Strawberry and vanilla panna cotta

My latest post and recipe for Borough Market is SW19 themed. Do have a read by clicking on the link at the end of the extract below. The recipe’s worth having a go at too – it’s delicious, dead easy and something that can be prepared well in advance of your meal or late night fridge visit.

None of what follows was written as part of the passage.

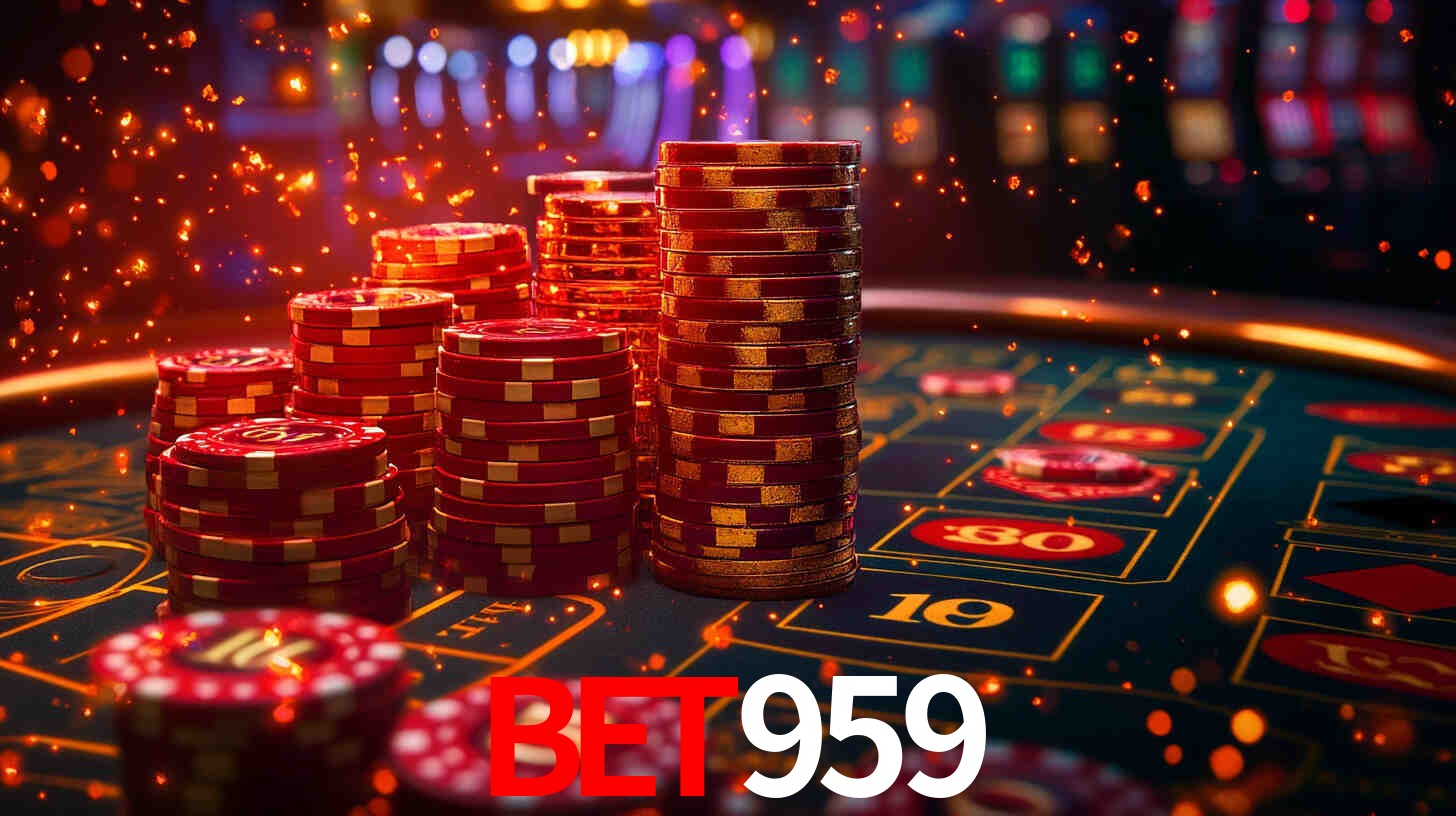 bet959,bet959.com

“It’s Wimbledon time! A few things are certain during these weeks:

  • Occasional to heavy rain;
  • Unfair pressure on the local hero; and
  • Strawberries and cream.

Let’s focus on the positives, shall we?

Strawberries and cream are a synonymous with British summer and British sport. Rightly so: there are few things better than a strawberry in season; and the match of that sweet, red fruit with luxurious, velvety single, double or clotted cream is the kind of doubles combination that Centre Court daydreams are made of.” Click here to continue reading

Strawberry and vanilla panna cotta

Makes 5 dariole or medium ramekins sized panna cottas

  • 160ml full cream milk
  • 300ml cream
  • 1 vanilla pod
  • 230g strawberries
  • 2.5 sheets gelatine
  • 80g icing sugar
  • 250-300g strawberries and 2-3 meringue nests to garnish

Bring the milk and half the cream to boil in a milk pan or small saucepan. Split the vanilla pod in half lengthways, scrape the seeds into the hot milk and cream and drop in the pods. Allow to infuse for 30 minutes. Pass the mixture through a sieve and pour back into a clean saucepan.

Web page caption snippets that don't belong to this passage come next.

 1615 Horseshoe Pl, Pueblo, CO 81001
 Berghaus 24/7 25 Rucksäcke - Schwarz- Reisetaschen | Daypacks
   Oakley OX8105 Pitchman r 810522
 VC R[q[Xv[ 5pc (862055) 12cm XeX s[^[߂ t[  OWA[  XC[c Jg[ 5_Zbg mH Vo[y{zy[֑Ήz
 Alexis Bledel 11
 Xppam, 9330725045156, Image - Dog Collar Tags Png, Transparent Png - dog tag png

Soak the gelatine in cold water for 3-5 minutes. Reheat the milk and cream for 2 minutes. Squeeze out the gelatine and add to the milk and cream. Stir and ensure the gelatine is dissolved. Allow to cool for 20 minutes.

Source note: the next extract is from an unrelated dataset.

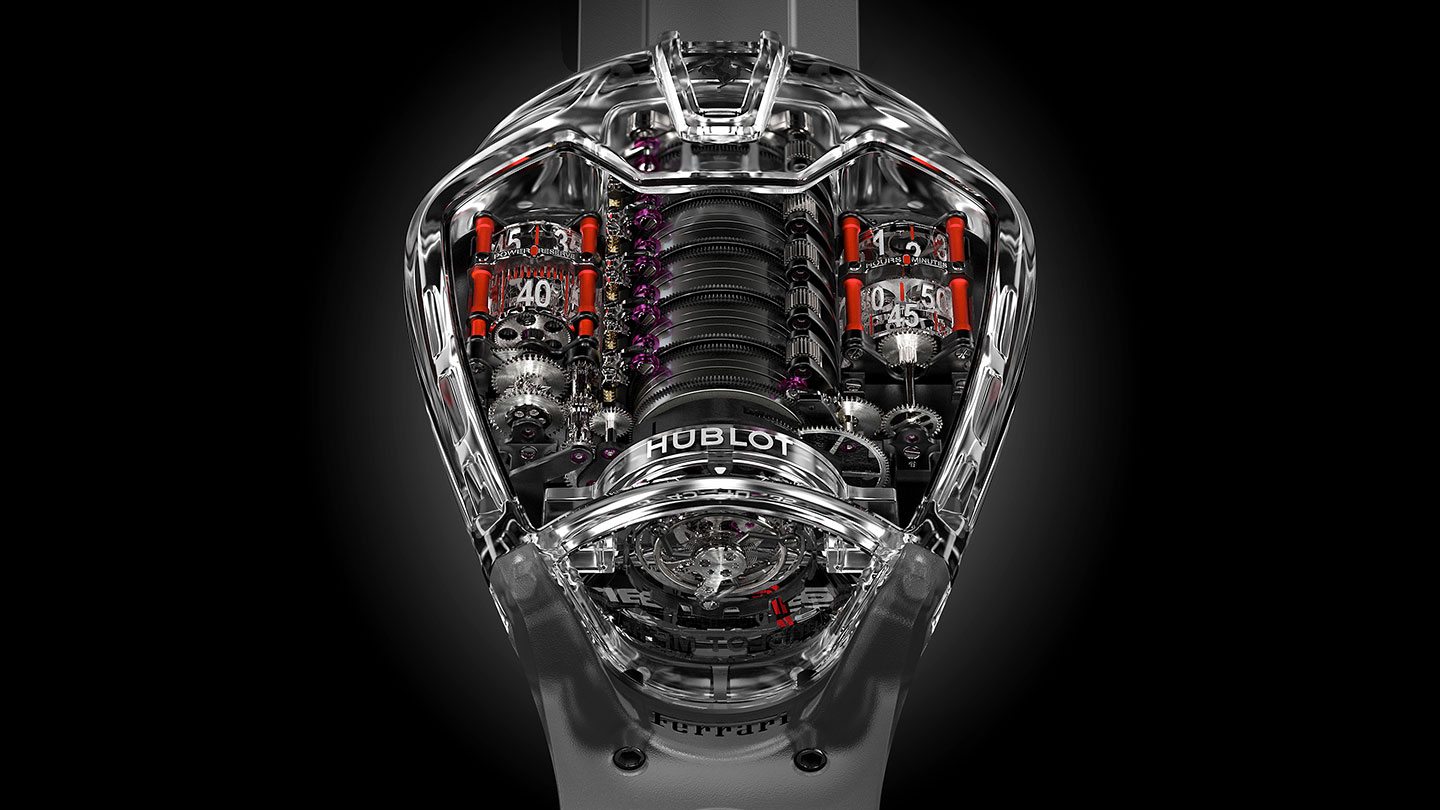 mp05_01.jpg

Blitz the strawberries with a hand blender or machine until smooth. Pass through a sieve so that you have a smooth coulis. Pour the remainder of the cream into a large mixing bowl. Add the coulis and the icing sugar and combine using a balloon whisk – stirring at first, then whisking for 1-2 minutes to bring the mix to close to ribbon stage (thicker than before you started to whisk, ideally so that if you drop the mixture back on itself it leaves a ribbon-like trail).

Pour the vanilla, milk and cream into the fruit, sugar and cream and whisk again until both elements are well mixed. Decant into dariole moulds or ramekins and chill in a fridge for at least 3 hours and up to 3 days (cover with clingfilm if leaving for a while).

Remove from fridge 20 minutes before serving. You may need to loosen the sides by placing the moulds in a tray of warm water, or by using a small cook’s blow torch.

Serve with fresh strawberries and broken up meringue nests.